# Task item
Please write out all the entries exactly, without the pictures.

# Captioned web images
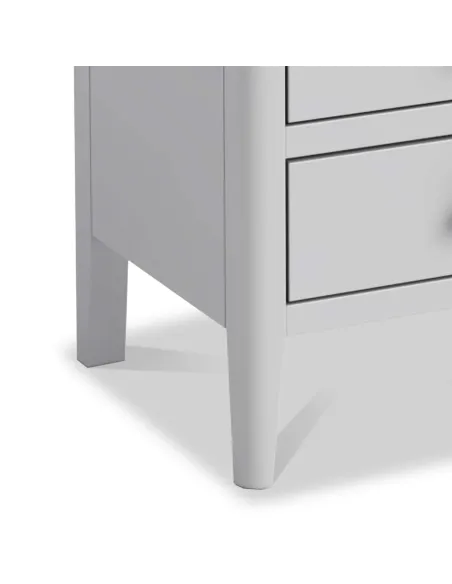 Marcus Bedside Locker - Grey | Murphy Furniture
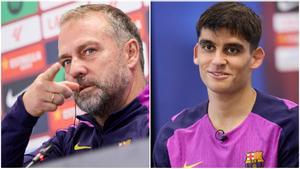 Hansi Flick y Gerard Martín, protagonistas de la previa del FC Barcelona   Eintracht Frankfurt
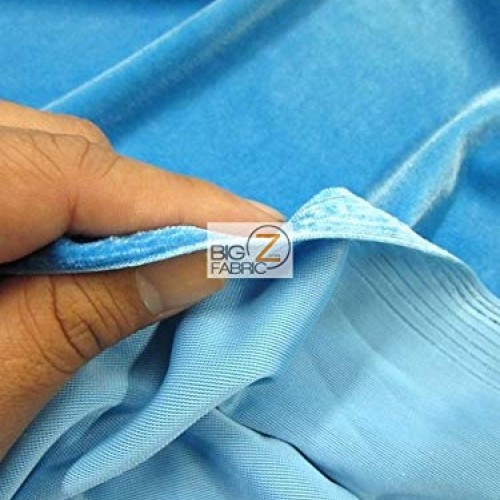 Big Z Fabric Stretch Velvet Velour Spandex 360 Grams Costume Fabri...
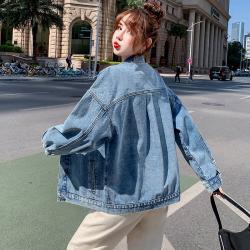 2022 봄 소향풍 뚱뚱하다 mm 살찌다 커지다 코트 패션 뚱뚱하다 여동생 여성복 크다 사이즈 데님 코트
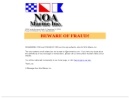 NOA Marine Inc's Website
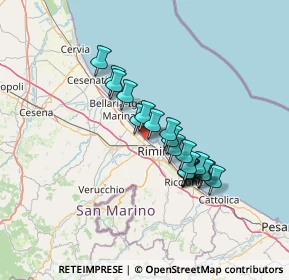 Mappa Via Sacramora, 47900 Rimini RN, Italia (10.7845)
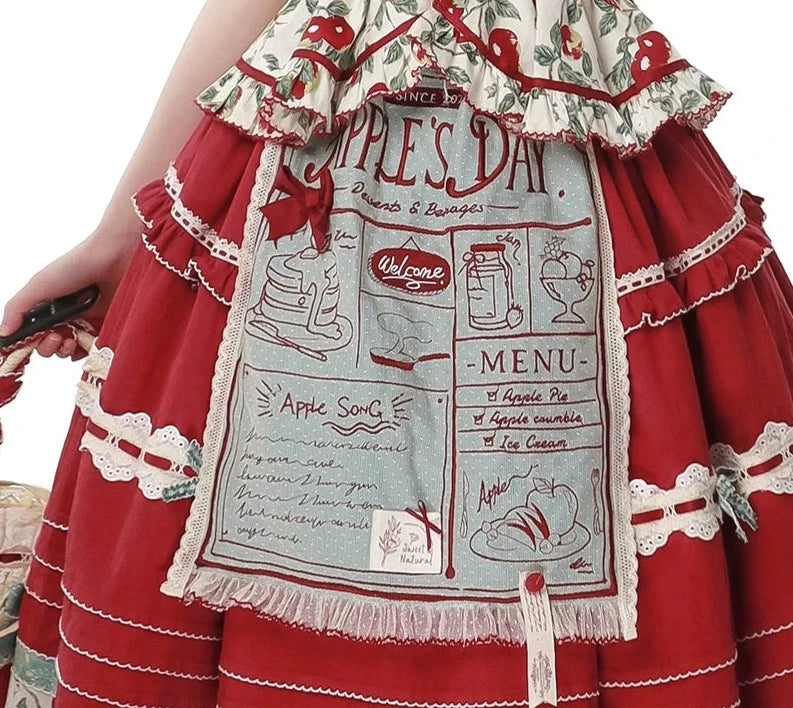 [Sale period has ended] Apple Paradise Tops &amp; Skirt Set/Long Length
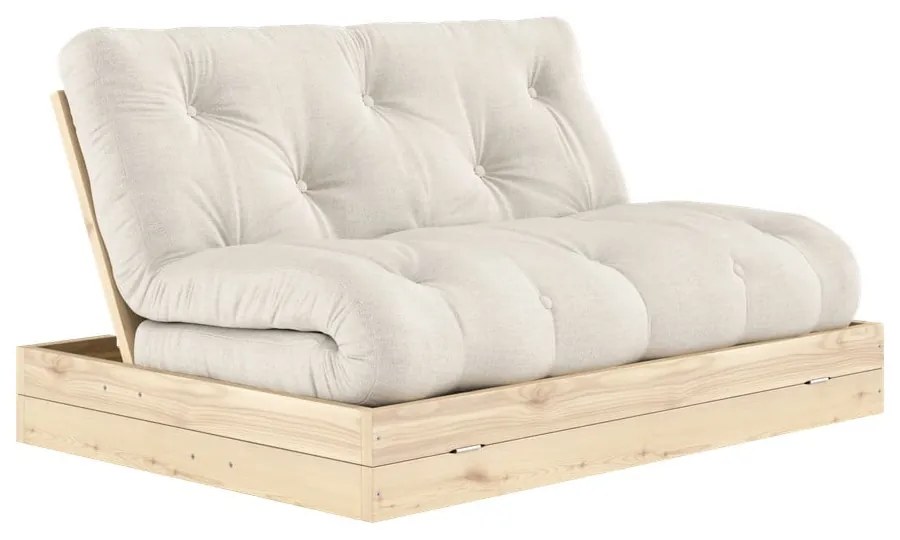 Béžová ľanová rozkladacia pohovka 145 cm Flip – Karup Design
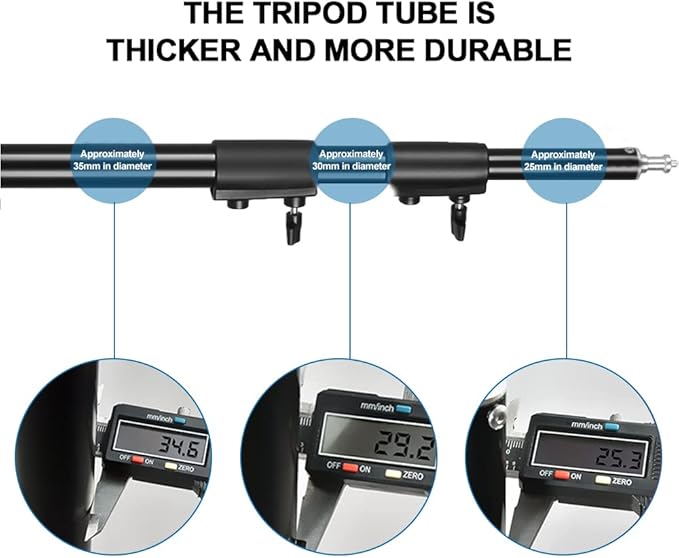 Heavy Duty Aluminum Alloy Photography Video Tripod Light Stands, Tripod Stands for Softboxes, Umbrellas, Reflectors, Lights - Pack of 2, 9.19 Feet/2.8M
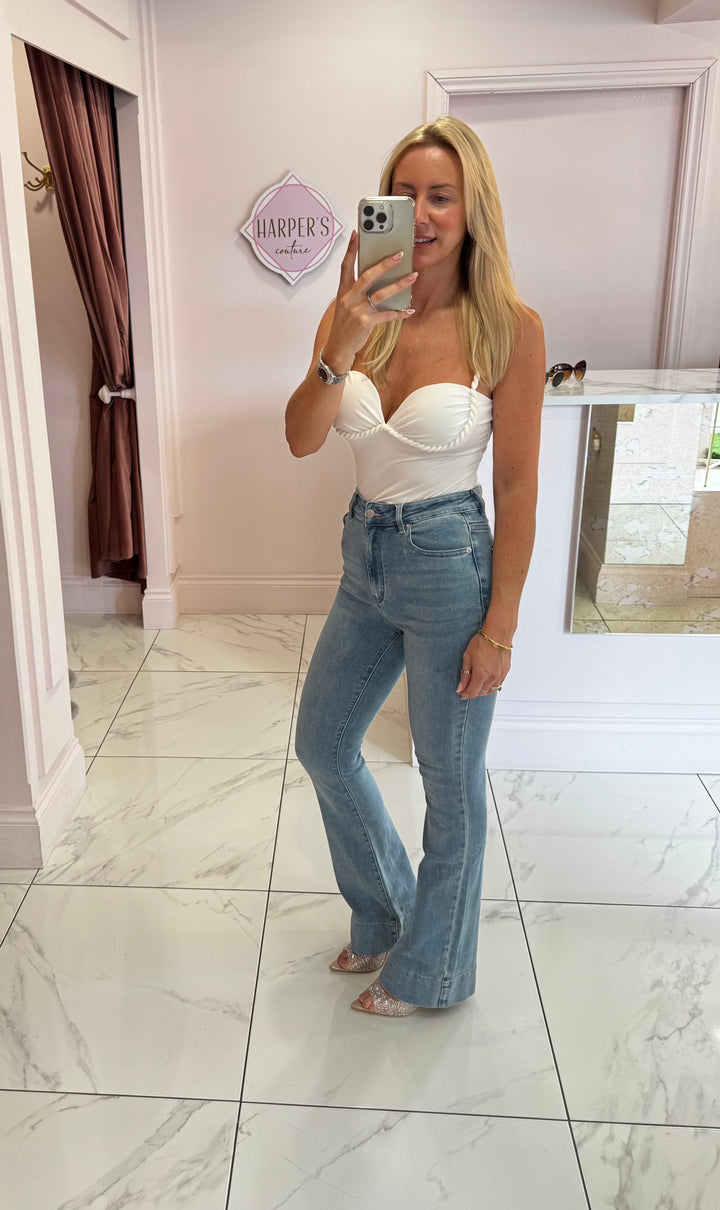 Verity Skinny Flare Jeans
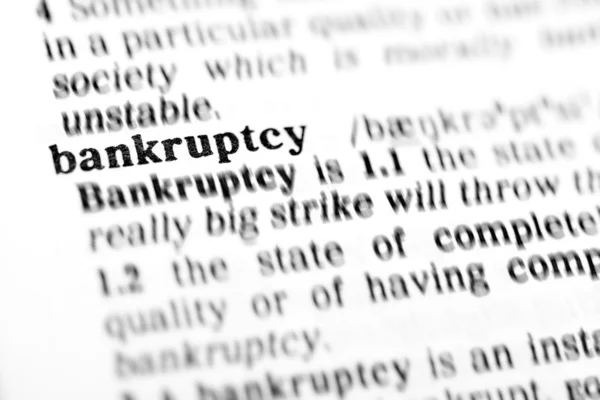 Bankruptcy word dictionary — Stock Photo, Image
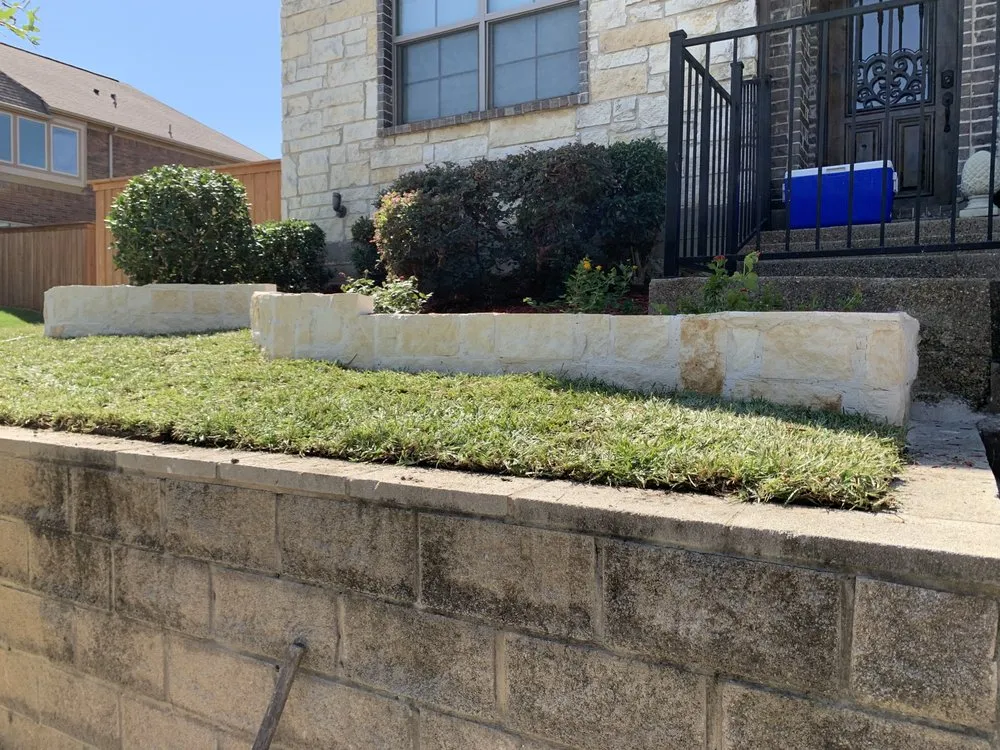 Trusted garden landscaping with custom design in Fort Worth, TX by Landscaping & Flowerbed Masonry DFW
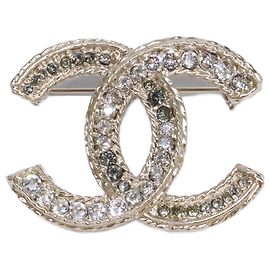 Broche Chanel B13 Coco Mark de Pedrería Otro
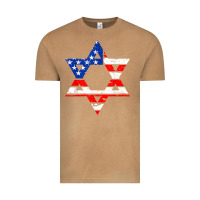Vintage Camel hanukah american flag star of david   jewish chanukah t shirt Vintage Tee - linhVisuals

# Exercise output
 Marcus Bedside Locker - Grey | Murphy Furniture
 Hansi Flick y Gerard Martín, protagonistas de la previa del FC Barcelona   Eintracht Frankfurt
 Big Z Fabric Stretch Velvet Velour Spandex 360 Grams Costume Fabri...
 2022 봄 소향풍 뚱뚱하다 mm 살찌다 커지다 코트 패션 뚱뚱하다 여동생 여성복 크다 사이즈 데님 코트
 NOA Marine Inc's Website
 Mappa Via Sacramora, 47900 Rimini RN, Italia (10.7845)
 [Sale period has ended] Apple Paradise Tops &amp; Skirt Set/Long Length
 Béžová ľanová rozkladacia pohovka 145 cm Flip – Karup Design
 Heavy Duty Aluminum Alloy Photography Video Tripod Light Stands, Tripod Stands for Softboxes, Umbrellas, Reflectors, Lights - Pack of 2, 9.19 Feet/2.8M
 Verity Skinny Flare Jeans
 Bankruptcy word dictionary — Stock Photo, Image
 Trusted garden landscaping with custom design in Fort Worth, TX by Landscaping & Flowerbed Masonry DFW
 Broche Chanel B13 Coco Mark de Pedrería Otro
Vintage Camel hanukah american flag star of david   jewish chanukah t shirt Vintage Tee - linhVisuals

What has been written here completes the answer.